What entity relationships look like
Alongside the vectors, niu-memory builds a knowledge graph — a map of the nouns in your memory. When facts mention projects, components, or concepts, the system extracts them and connects them with typed relationships (“project has_component”, “concept has_instance”).
This graph gives search a second retrieval path — not meaning similarity, but structural relationships. Ask about “niu-memory” and the system expands to its components and related concepts, even if those words weren’t in your question.
Deduplication
Before storing, the system checks for near-duplicates. Each new vector is compared against existing facts — if two sit close enough to be the same thing phrased differently, the duplicate is dropped. Prevents memory bloat without losing anything genuinely new.
How a memory gets found
Dashed boxes are inputs and outputs. Solid boxes are processing steps.
Two ways to search
The system runs two searches in parallel — one on the vector map, one on the entity graph.
The semantic path finds the nearest dots on the scatter map. Your question gets its own vector; Pinecone returns the 40 stored facts whose positions sit closest. “Website work” finds “redesigning the projects page” because they land near each other.

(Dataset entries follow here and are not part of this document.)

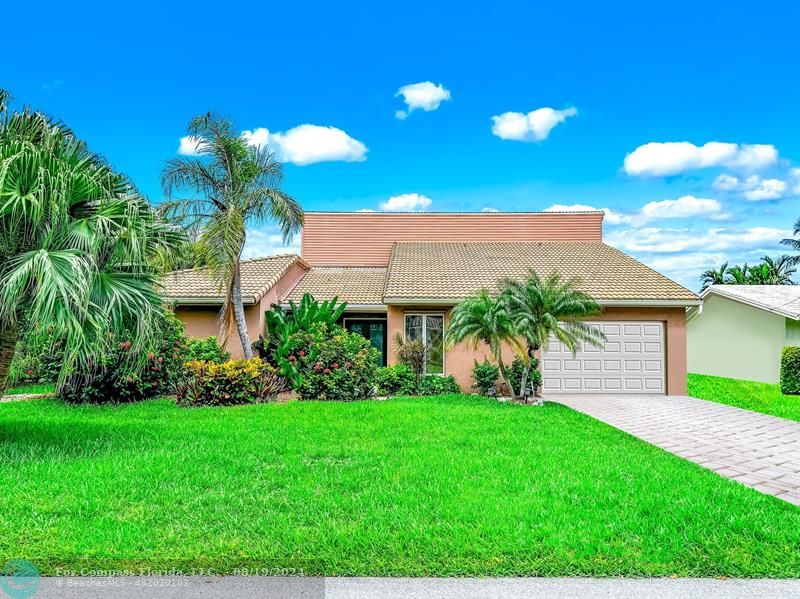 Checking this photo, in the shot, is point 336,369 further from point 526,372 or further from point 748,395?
point 748,395

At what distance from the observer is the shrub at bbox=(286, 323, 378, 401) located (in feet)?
44.5

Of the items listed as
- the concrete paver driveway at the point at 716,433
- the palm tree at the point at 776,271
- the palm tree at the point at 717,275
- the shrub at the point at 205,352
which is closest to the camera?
the concrete paver driveway at the point at 716,433

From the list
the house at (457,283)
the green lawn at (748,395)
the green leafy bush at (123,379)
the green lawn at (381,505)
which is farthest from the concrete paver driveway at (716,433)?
the green leafy bush at (123,379)

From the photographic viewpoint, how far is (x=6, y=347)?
7902mm

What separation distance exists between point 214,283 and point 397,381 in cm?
586

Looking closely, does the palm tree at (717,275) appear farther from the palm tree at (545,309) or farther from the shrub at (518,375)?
the palm tree at (545,309)

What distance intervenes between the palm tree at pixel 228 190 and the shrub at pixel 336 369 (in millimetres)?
1815

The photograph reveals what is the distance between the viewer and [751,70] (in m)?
14.9

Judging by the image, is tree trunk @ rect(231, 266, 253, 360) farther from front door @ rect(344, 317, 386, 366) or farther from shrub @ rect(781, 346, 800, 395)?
shrub @ rect(781, 346, 800, 395)

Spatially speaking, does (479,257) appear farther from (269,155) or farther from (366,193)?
(269,155)

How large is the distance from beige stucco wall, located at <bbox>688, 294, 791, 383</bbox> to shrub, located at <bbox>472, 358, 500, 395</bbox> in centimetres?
1110

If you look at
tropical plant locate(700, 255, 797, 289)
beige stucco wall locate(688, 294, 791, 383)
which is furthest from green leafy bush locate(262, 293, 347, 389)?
tropical plant locate(700, 255, 797, 289)

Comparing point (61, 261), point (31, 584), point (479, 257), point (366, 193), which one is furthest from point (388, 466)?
point (366, 193)

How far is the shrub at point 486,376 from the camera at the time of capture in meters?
14.9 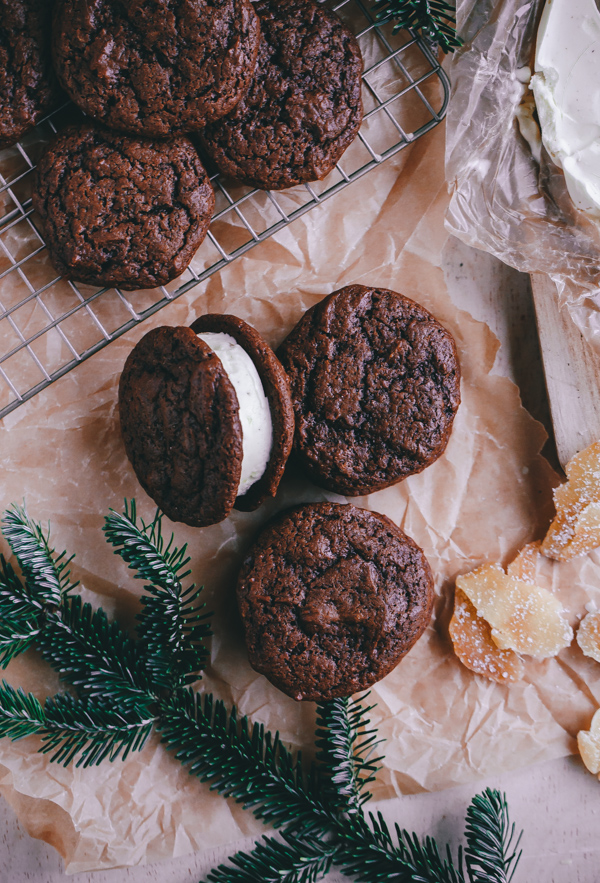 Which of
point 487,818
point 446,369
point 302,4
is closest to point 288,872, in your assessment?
point 487,818

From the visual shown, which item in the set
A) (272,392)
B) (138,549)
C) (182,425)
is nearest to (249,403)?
(272,392)

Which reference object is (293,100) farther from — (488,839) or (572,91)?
(488,839)

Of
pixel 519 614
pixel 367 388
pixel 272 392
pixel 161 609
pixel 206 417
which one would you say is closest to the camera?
pixel 206 417

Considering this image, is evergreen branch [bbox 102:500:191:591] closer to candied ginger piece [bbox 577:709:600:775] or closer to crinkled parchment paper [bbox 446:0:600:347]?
crinkled parchment paper [bbox 446:0:600:347]

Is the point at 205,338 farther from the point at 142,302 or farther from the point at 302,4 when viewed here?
the point at 302,4

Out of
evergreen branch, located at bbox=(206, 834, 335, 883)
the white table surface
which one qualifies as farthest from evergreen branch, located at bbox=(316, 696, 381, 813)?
the white table surface

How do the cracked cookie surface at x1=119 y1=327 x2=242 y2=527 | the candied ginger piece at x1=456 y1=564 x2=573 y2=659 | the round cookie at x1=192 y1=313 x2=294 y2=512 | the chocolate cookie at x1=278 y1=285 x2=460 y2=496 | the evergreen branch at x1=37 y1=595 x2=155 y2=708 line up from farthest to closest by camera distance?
the candied ginger piece at x1=456 y1=564 x2=573 y2=659 < the chocolate cookie at x1=278 y1=285 x2=460 y2=496 < the evergreen branch at x1=37 y1=595 x2=155 y2=708 < the round cookie at x1=192 y1=313 x2=294 y2=512 < the cracked cookie surface at x1=119 y1=327 x2=242 y2=527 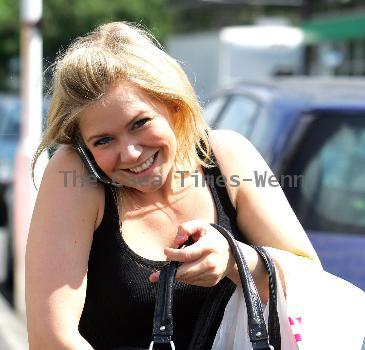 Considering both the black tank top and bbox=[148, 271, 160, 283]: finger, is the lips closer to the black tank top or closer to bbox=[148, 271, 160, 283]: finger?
the black tank top

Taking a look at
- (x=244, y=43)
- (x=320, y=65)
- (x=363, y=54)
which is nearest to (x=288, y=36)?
(x=244, y=43)

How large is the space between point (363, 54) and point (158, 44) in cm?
1854

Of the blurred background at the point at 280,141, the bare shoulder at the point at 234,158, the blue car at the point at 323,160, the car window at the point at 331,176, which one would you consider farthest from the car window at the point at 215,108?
the bare shoulder at the point at 234,158

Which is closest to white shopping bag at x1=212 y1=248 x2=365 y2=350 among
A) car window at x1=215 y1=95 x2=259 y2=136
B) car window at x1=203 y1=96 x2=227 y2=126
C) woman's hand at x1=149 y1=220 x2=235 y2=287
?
woman's hand at x1=149 y1=220 x2=235 y2=287

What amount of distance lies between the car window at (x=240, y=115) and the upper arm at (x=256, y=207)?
82.8 inches

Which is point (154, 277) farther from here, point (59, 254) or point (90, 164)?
point (90, 164)

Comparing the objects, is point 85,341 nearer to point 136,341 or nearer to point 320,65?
point 136,341

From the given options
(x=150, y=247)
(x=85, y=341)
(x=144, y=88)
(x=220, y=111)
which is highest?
(x=144, y=88)

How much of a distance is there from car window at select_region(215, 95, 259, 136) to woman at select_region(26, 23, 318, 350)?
2.16m

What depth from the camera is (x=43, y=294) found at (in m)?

The entity-expanded path walks the knowledge graph. If your question mentions “niu-memory,” the system follows graph edges to its components (extraction pipeline, OAuth layer) and related concepts (MCP, vector search), then fetches facts connected to those entities.
Running both catches things a single approach would miss. Semantic finds meaning matches; entity finds structural relationships — things that are related even when they don’t sound similar.
Two-stage retrieval: broad then precise. Casting wide (80 candidates from two paths) followed by a precision rerank is a pattern that appears across modern RAG systems. Recall and precision are in tension — retrieval maximizes recall, reranking restores precision. Doing both in sequence gets you coverage without burying the best results.
Reranking
Up to 80 candidates come back from both paths. A reranking model scores each one against your original question and keeps the top 5. Broad retrieval, then precise scoring.
The response
Each result comes back enriched: creation time, match confidence, and whether the fact is current or potentially stale. Claude reads these and weaves them into its response. You experience it as the tool simply remembering.
The stack, annotated
| Layer | Service | What it does | Free tier? |
|---|---|---|---|
| Runtime | AWS Lambda + API Gateway | Runs code on demand — no servers to manage | Yes (1M requests/mo) |
| Interface | MCP + REST | Two doors in: AI tools use MCP, everything else uses REST | Open protocol |
| Auth | Lambda Authorizer | Resolves who you are from your API key | Included with Lambda |
| Extraction | Claude Haiku | Reads conversation, pulls out facts worth keeping | Pay-per-use (~$0.001/call) |
| Embedding | Voyage AI | Turns text into searchable vectors | Free tier available |
| Vector store | Pinecone | Stores and searches by meaning, not keywords | Yes (100K vectors) |
| Reranking | Voyage rerank-2.5 | Precision-scores results against the original query | Free tier available |
| Profile store | DynamoDB | Simple key-value storage for stable preferences | Yes (25GB) |
Why build this yourself?
niu-memory is infrastructure I rely on daily — and a worked example. Every concept here — vector embeddings, semantic search, LLM extraction, dedup, two-stage retrieval, entity graphs — shows up across modern AI systems.
You don’t need to be a developer to follow along. The scatter map makes vector similarity visible, the graph makes relationships tangible, the timeline shows extraction at scale. No hand-waving required.
That’s the ethos behind every project on this site: build real things, then show how they work at every layer.